▸ **YOUR OBJECTIVE**
From the line containing "12 Weiss Place, Deer Park, NY 11729" to the final line of the material below, return every line exactly. Do not include pictures.

▸ **SUPPLIED DATA**
*-*-*
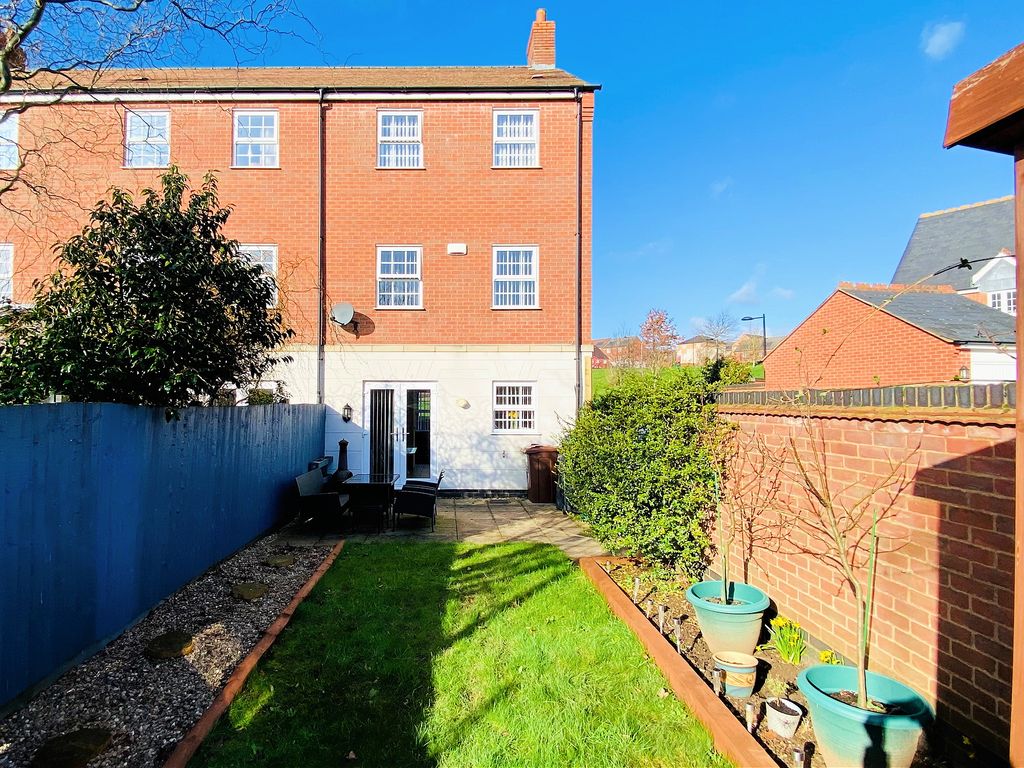 3 bed town house for sale in Brook Furlong Drive, Birstall LE4, £310,000 Zoopla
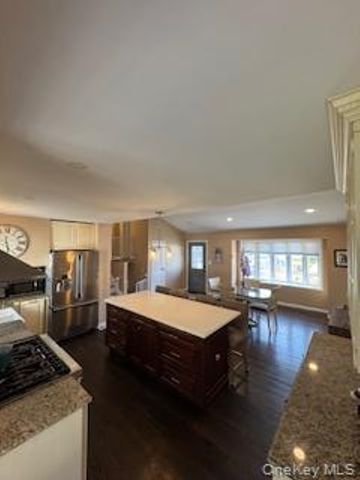 12 Weiss Place, Deer Park, NY 11729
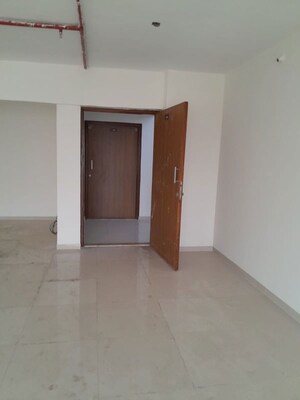 Room in  Office Space at Borivali East – for Rent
*-*-*
▸ **WRITTEN ANSWER**
 12 Weiss Place, Deer Park, NY 11729
 Room in  Office Space at Borivali East – for Rent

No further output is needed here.